SWOTs will help the company size up the competitive landscape and get some insight into the vagaries of the marketplace. SWOTs are not suited for helping executives in their day-to-day management - yet, every company should go through the SWOTs exercise at least once a year. This is one time where I will strongly suggest you bring an outside consultant in to help you. It is just about impossible to do your own assessment. That's because you and your team all have prejudices, feelings, and history with the company, personal experiences that will color your view and thus give you a less than true SWOTs' assessment.
Why do a SWOT analysis? The world changes - and so must your company. In order to make good changes, you must have a clear idea of where you are strong and weak, as well as see the possibilities for growth and whatever market pitfalls are lurking out there. After doing SWOTs, you can develop a solid business plan, a plan based on reality. In short order, you will have a good idea of what you have to do to continue your success. This assessment will help you define areas for improvement, seize opportunities in the marketplace and anticipate threats. Think about it - how can you possibly capitalize on your strengths and the current opportunities if you don't know what they are? Similarly, how can you shore up your weaknesses and prepare for changes in the marketplace if you don't know what they are?

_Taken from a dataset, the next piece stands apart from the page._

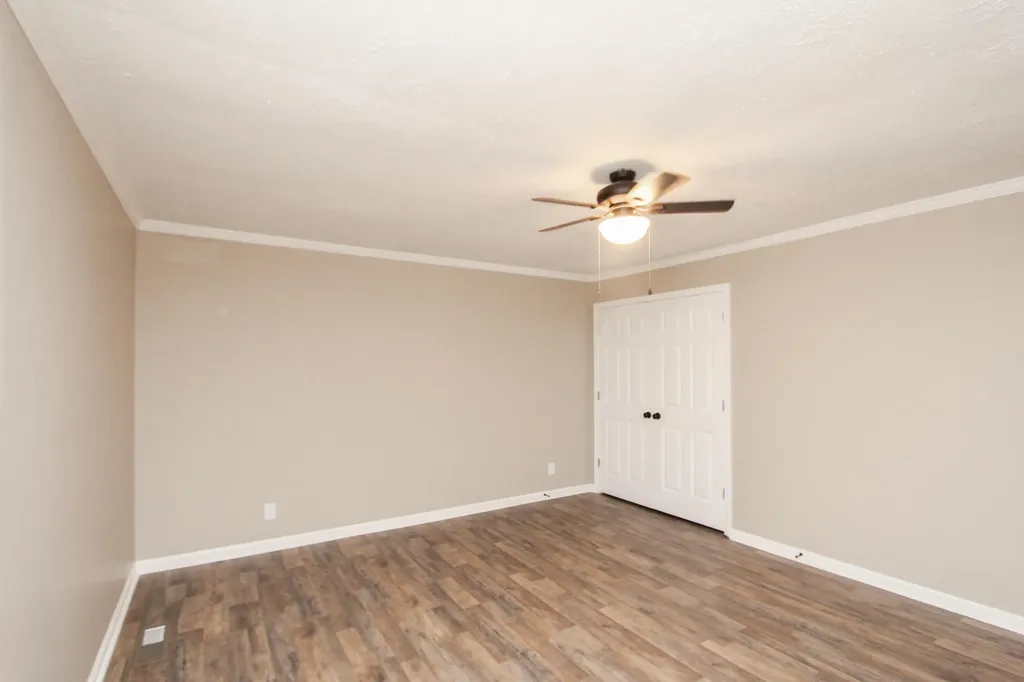 307 E Woodford Street Lawrenceburg KY 40342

You probably think you know your company pretty well. And you do - in a day-to-day kind of way. Using SWOTs, you will see where your company needs to go a year from now.
Breaking down SWOTs
Strengths aren't forever. Over time, strengths can suddenly turn into weaknesses. Having an extremely well known brand is great - until something goes terribly wrong and that brand becomes synonymous with failure (think Enron or Edsel). Building the best product or offering the best service is a strength - until the day comes that those products (think typewriters, turntables, horse buggies) or that service (think milk delivery, armor repair, horse shoeing) have become obsolete.
Opportunities for some are threats to others. Rising oil prices in the 1970s were a huge opportunity for Japanese carmakers to enter the U.S. market. Those same high prices hurt the Big Three badly.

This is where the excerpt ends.